Non-fiction book

Whisky: the knowledge

Demystifying whisky


The first time I ever drank whisky I was almost too young to know better. Things ended badly. My grandma had to rescue me. I wouldn’t touch a drop of the stuff until a few years ago, on a press trip to Iceland. Bizarrely enough, we were there to taste a rare 45 year old single malt whisky, the Dalmore Aurora, named after the aurora borealis – the northern lights.

Save its name, there is no good reason why we should have been drinking it in Iceland. But we were, and if I was at the time a tad bewildered by the fuss, nobody else was. The whisky itself had been flown in separately, a week prior to our arrival, where it had sat in pride of place at the Hotel Rangá, rumours of its presence attracting a steady stream of pilgrims. The idea had been that we would taste beneath the lights, but it was April, the tail end of the season, and it was cloudy. We drank indoors. No matter: the Dalmore Aurora didn’t need a light show. It was quite a revelation – in its own right.

Apart from being amazed that it tasted nothing like I remembered whisky tasting, I was perplexed by the fact that it was spicy, and tasted of caramel. I couldn’t care less that it was just one of 200 bottles in the world – or that each went for £3000 a pop. I wanted to know why something consisting largely of ethanol and water should end up brown, light, sharp and slightly sweet, and why some of the group smelt pear and apple, melon, burnt marmalade, while others found roses, jasmine and chocolate. I liked that it had been distilled in stills nicknamed ‘the fat bastards’, but I had no idea how the bastards worked, nor the import of words like ex-bourbon, American white or Matusalem.

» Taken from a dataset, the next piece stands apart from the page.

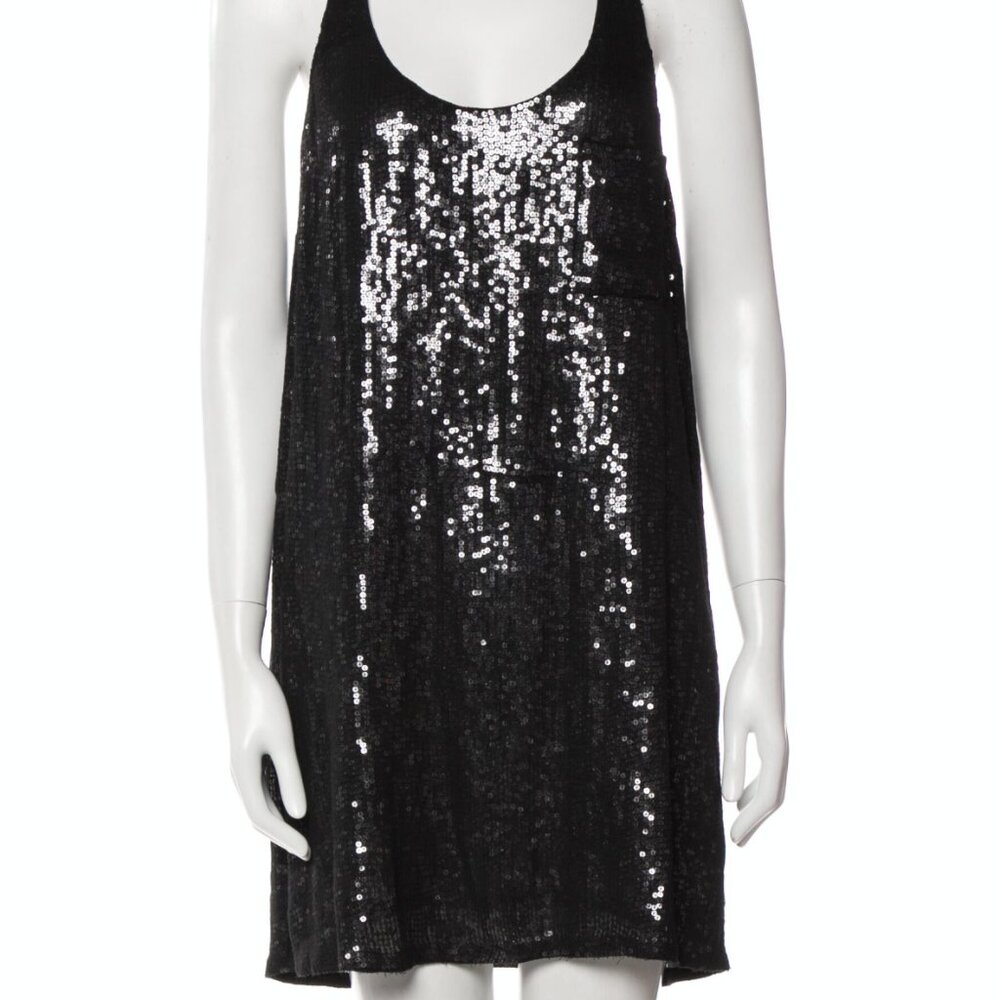 Joie‎ Silk Sequin Shift Dress, Sz L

I wanted to know what all these words meant. I wanted to know why a liquid should smell and taste of things that it was patently not made of. I was yet to learn about the making of flavour, the effect of copper, the influence of wood, but I sensed a science behind the magic.

This book is the result of that sensing. It’s short – short enough to be read in one sitting. It’s designed to give you a good working knowledge of whisky, its production, various histories, its styles and types, an idea of what to drink. It’s comprehensive, but it’s not deep. The whiskies mentioned here are all findable and largely, I hope, affordable. This is a light journey, touching on many things. It’s a stepping stone, a means of going from knowing something to knowing something more to wanting to know something else.

To which end, if you have a bottle of whisky to hand, pour yourself a drink. If not, then it’s up to you, but I would be tempted to pop down to your local bar. It doesn’t really matter, but I’m hoping that, like my experience in Iceland, you know very little about how that liquid in your glass came to be what it is. Smell it. Take a sip. Take another. Now, start reading. And enjoy. I promise not to bore – though I must now break that promise with some history, definitions, terms and arbitrary decision making.